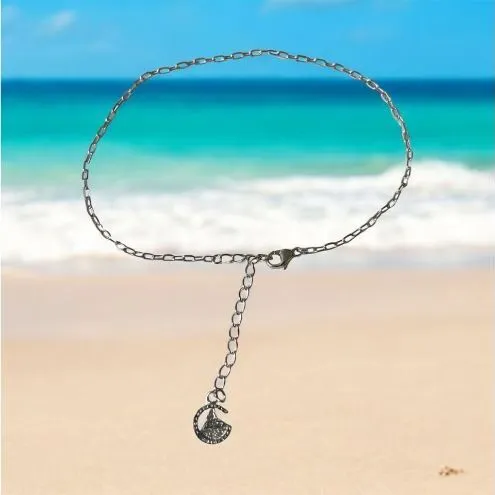 CHIGASAKI SOUTHERN C えぼし岩 アンクレット シルバーチェーン 茅ヶ崎 アクセサリー ギフト プレゼント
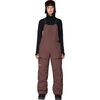 Mountain Hardwear - Warp Factor Bib Pant - Women's - Carob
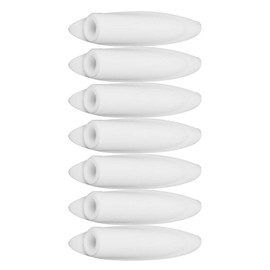 Tapones para Orificios de Bolsillo, Herramienta Kreg Kreg, Insertos de Plástico, 100 Uds., Tapones de Madera de 9,5 Mm para Plantilla de Orificio de Bolsillo, Accesorios para (Blanco)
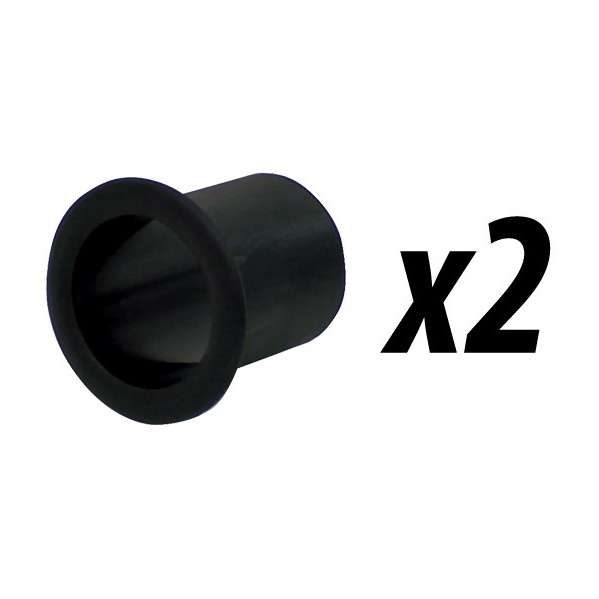 Pack of 2 50mm Bass Reflex Tuning Port Tube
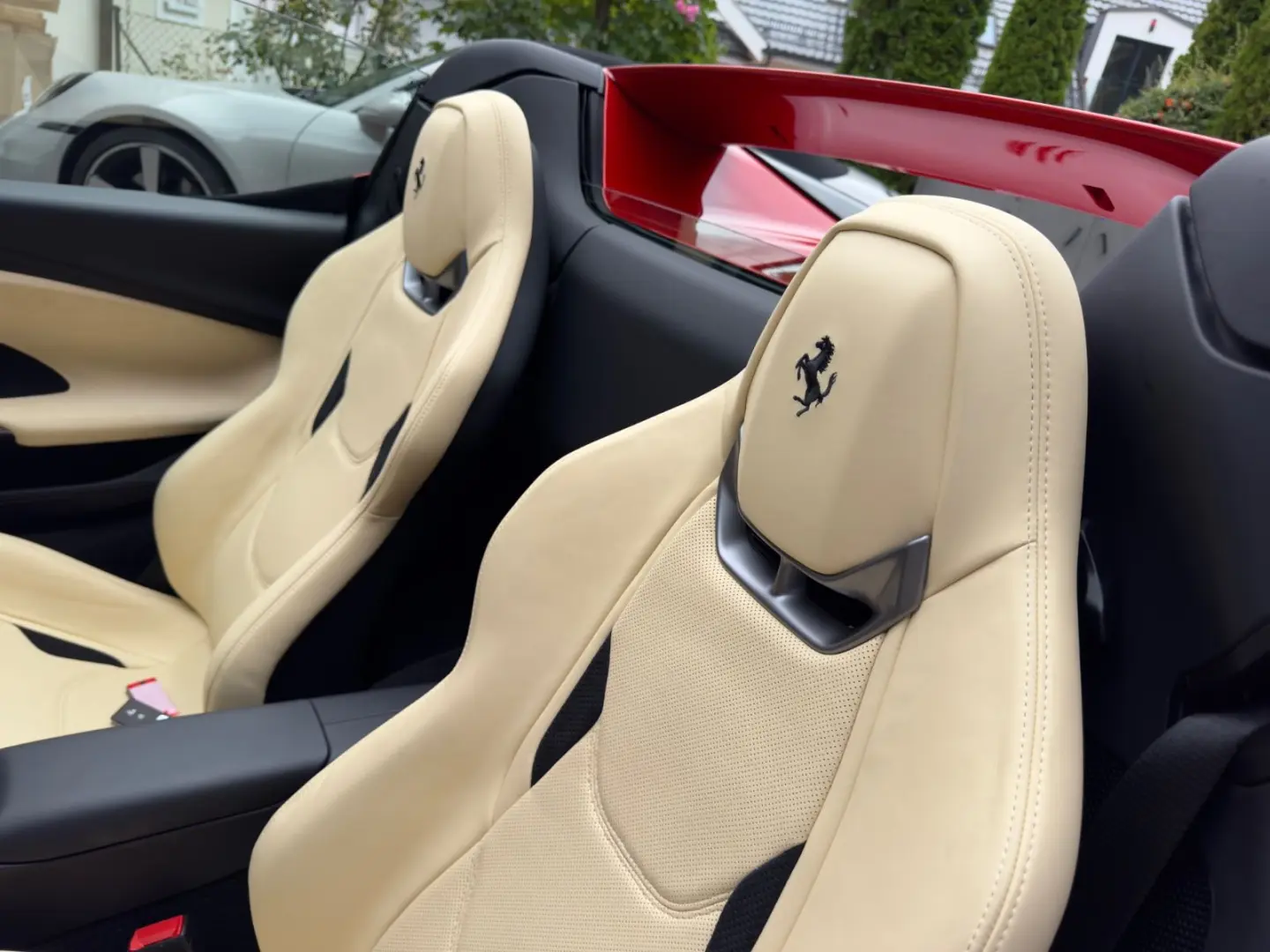 296 GTS ROSSO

..............................

Write the material out again exactly as it appears, dropping the pictures.

* _The answer_:
 CHIGASAKI SOUTHERN C えぼし岩 アンクレット シルバーチェーン 茅ヶ崎 アクセサリー ギフト プレゼント
 Mountain Hardwear - Warp Factor Bib Pant - Women's - Carob
 Tapones para Orificios de Bolsillo, Herramienta Kreg Kreg, Insertos de Plástico, 100 Uds., Tapones de Madera de 9,5 Mm para Plantilla de Orificio de Bolsillo, Accesorios para (Blanco)
 Pack of 2 50mm Bass Reflex Tuning Port Tube
 296 GTS ROSSO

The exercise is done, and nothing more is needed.